- Task instructions
Could you give back the whole listing exactly as written?
-------- Records for this task
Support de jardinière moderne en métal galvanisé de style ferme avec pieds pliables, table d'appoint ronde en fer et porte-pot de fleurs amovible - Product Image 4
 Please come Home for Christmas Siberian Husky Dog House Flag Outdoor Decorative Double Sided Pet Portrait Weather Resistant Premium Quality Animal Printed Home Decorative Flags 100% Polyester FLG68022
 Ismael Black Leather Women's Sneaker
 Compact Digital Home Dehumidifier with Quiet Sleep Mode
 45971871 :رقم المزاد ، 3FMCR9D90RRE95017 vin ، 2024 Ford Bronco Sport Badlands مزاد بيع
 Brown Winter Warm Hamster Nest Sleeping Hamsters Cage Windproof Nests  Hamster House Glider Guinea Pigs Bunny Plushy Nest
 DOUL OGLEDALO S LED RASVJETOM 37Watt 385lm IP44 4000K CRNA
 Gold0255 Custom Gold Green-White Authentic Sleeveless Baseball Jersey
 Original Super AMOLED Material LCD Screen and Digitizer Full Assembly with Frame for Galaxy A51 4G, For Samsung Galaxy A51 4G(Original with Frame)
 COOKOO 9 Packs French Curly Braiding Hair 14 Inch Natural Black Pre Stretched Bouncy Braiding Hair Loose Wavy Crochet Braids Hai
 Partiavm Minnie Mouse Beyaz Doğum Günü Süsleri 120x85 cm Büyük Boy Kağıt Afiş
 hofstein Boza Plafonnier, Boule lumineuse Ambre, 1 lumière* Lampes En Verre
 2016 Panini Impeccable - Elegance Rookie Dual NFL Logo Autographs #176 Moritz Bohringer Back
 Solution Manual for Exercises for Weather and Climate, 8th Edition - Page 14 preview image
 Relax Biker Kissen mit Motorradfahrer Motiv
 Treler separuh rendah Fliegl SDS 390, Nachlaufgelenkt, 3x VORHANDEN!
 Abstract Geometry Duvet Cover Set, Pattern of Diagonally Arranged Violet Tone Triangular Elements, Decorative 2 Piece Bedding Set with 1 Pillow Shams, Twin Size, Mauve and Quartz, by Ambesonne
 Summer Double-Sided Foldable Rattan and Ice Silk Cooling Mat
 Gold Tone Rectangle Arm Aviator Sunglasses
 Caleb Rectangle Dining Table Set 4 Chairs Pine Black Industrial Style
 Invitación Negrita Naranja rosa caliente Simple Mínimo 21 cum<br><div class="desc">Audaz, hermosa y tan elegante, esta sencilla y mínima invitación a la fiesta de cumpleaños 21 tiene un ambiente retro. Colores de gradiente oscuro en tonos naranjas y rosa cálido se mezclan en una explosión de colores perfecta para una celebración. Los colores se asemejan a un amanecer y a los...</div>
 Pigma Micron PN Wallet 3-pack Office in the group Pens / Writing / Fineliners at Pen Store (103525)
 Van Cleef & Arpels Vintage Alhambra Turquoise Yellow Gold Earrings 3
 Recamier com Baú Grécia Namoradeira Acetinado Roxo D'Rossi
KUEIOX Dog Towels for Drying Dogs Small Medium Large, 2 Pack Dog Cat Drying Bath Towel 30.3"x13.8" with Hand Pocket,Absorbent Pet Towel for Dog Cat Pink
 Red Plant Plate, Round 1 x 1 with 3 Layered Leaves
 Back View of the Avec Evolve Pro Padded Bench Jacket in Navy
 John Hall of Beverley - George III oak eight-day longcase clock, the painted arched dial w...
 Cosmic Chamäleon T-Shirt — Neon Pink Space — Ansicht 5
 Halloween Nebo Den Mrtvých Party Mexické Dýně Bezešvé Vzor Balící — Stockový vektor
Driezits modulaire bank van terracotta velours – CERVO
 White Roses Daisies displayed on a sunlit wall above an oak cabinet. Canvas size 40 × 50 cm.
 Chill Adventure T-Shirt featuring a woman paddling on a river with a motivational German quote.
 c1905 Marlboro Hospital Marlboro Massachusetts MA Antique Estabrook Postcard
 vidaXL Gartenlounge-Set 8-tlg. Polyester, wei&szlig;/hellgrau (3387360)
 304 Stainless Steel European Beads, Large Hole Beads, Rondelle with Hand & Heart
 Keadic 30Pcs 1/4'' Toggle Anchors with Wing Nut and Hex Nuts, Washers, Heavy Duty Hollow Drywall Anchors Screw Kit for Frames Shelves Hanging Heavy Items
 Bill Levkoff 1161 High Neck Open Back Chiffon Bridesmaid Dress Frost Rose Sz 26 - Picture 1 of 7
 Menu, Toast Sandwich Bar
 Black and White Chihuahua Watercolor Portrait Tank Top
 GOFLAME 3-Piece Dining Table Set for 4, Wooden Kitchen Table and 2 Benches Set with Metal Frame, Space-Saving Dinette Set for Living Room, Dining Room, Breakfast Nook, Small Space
----------------
- Exercise solution
Support de jardinière moderne en métal galvanisé de style ferme avec pieds pliables, table d'appoint ronde en fer et porte-pot de fleurs amovible - Product Image 4
 Please come Home for Christmas Siberian Husky Dog House Flag Outdoor Decorative Double Sided Pet Portrait Weather Resistant Premium Quality Animal Printed Home Decorative Flags 100% Polyester FLG68022
 Ismael Black Leather Women's Sneaker
 Compact Digital Home Dehumidifier with Quiet Sleep Mode
 45971871 :رقم المزاد ، 3FMCR9D90RRE95017 vin ، 2024 Ford Bronco Sport Badlands مزاد بيع
 Brown Winter Warm Hamster Nest Sleeping Hamsters Cage Windproof Nests  Hamster House Glider Guinea Pigs Bunny Plushy Nest
 DOUL OGLEDALO S LED RASVJETOM 37Watt 385lm IP44 4000K CRNA
 Gold0255 Custom Gold Green-White Authentic Sleeveless Baseball Jersey
 Original Super AMOLED Material LCD Screen and Digitizer Full Assembly with Frame for Galaxy A51 4G, For Samsung Galaxy A51 4G(Original with Frame)
 COOKOO 9 Packs French Curly Braiding Hair 14 Inch Natural Black Pre Stretched Bouncy Braiding Hair Loose Wavy Crochet Braids Hai
 Partiavm Minnie Mouse Beyaz Doğum Günü Süsleri 120x85 cm Büyük Boy Kağıt Afiş
 hofstein Boza Plafonnier, Boule lumineuse Ambre, 1 lumière* Lampes En Verre
 2016 Panini Impeccable - Elegance Rookie Dual NFL Logo Autographs #176 Moritz Bohringer Back
 Solution Manual for Exercises for Weather and Climate, 8th Edition - Page 14 preview image
 Relax Biker Kissen mit Motorradfahrer Motiv
 Treler separuh rendah Fliegl SDS 390, Nachlaufgelenkt, 3x VORHANDEN!
 Abstract Geometry Duvet Cover Set, Pattern of Diagonally Arranged Violet Tone Triangular Elements, Decorative 2 Piece Bedding Set with 1 Pillow Shams, Twin Size, Mauve and Quartz, by Ambesonne
 Summer Double-Sided Foldable Rattan and Ice Silk Cooling Mat
 Gold Tone Rectangle Arm Aviator Sunglasses
 Caleb Rectangle Dining Table Set 4 Chairs Pine Black Industrial Style
 Invitación Negrita Naranja rosa caliente Simple Mínimo 21 cum<br><div class="desc">Audaz, hermosa y tan elegante, esta sencilla y mínima invitación a la fiesta de cumpleaños 21 tiene un ambiente retro. Colores de gradiente oscuro en tonos naranjas y rosa cálido se mezclan en una explosión de colores perfecta para una celebración. Los colores se asemejan a un amanecer y a los...</div>
 Pigma Micron PN Wallet 3-pack Office in the group Pens / Writing / Fineliners at Pen Store (103525)
 Van Cleef & Arpels Vintage Alhambra Turquoise Yellow Gold Earrings 3
 Recamier com Baú Grécia Namoradeira Acetinado Roxo D'Rossi
KUEIOX Dog Towels for Drying Dogs Small Medium Large, 2 Pack Dog Cat Drying Bath Towel 30.3"x13.8" with Hand Pocket,Absorbent Pet Towel for Dog Cat Pink
 Red Plant Plate, Round 1 x 1 with 3 Layered Leaves
 Back View of the Avec Evolve Pro Padded Bench Jacket in Navy
 John Hall of Beverley - George III oak eight-day longcase clock, the painted arched dial w...
 Cosmic Chamäleon T-Shirt — Neon Pink Space — Ansicht 5
 Halloween Nebo Den Mrtvých Party Mexické Dýně Bezešvé Vzor Balící — Stockový vektor
Driezits modulaire bank van terracotta velours – CERVO
 White Roses Daisies displayed on a sunlit wall above an oak cabinet. Canvas size 40 × 50 cm.
 Chill Adventure T-Shirt featuring a woman paddling on a river with a motivational German quote.
 c1905 Marlboro Hospital Marlboro Massachusetts MA Antique Estabrook Postcard
 vidaXL Gartenlounge-Set 8-tlg. Polyester, wei&szlig;/hellgrau (3387360)
 304 Stainless Steel European Beads, Large Hole Beads, Rondelle with Hand & Heart
 Keadic 30Pcs 1/4'' Toggle Anchors with Wing Nut and Hex Nuts, Washers, Heavy Duty Hollow Drywall Anchors Screw Kit for Frames Shelves Hanging Heavy Items
 Bill Levkoff 1161 High Neck Open Back Chiffon Bridesmaid Dress Frost Rose Sz 26 - Picture 1 of 7
 Menu, Toast Sandwich Bar
 Black and White Chihuahua Watercolor Portrait Tank Top
 GOFLAME 3-Piece Dining Table Set for 4, Wooden Kitchen Table and 2 Benches Set with Metal Frame, Space-Saving Dinette Set for Living Room, Dining Room, Breakfast Nook, Small Space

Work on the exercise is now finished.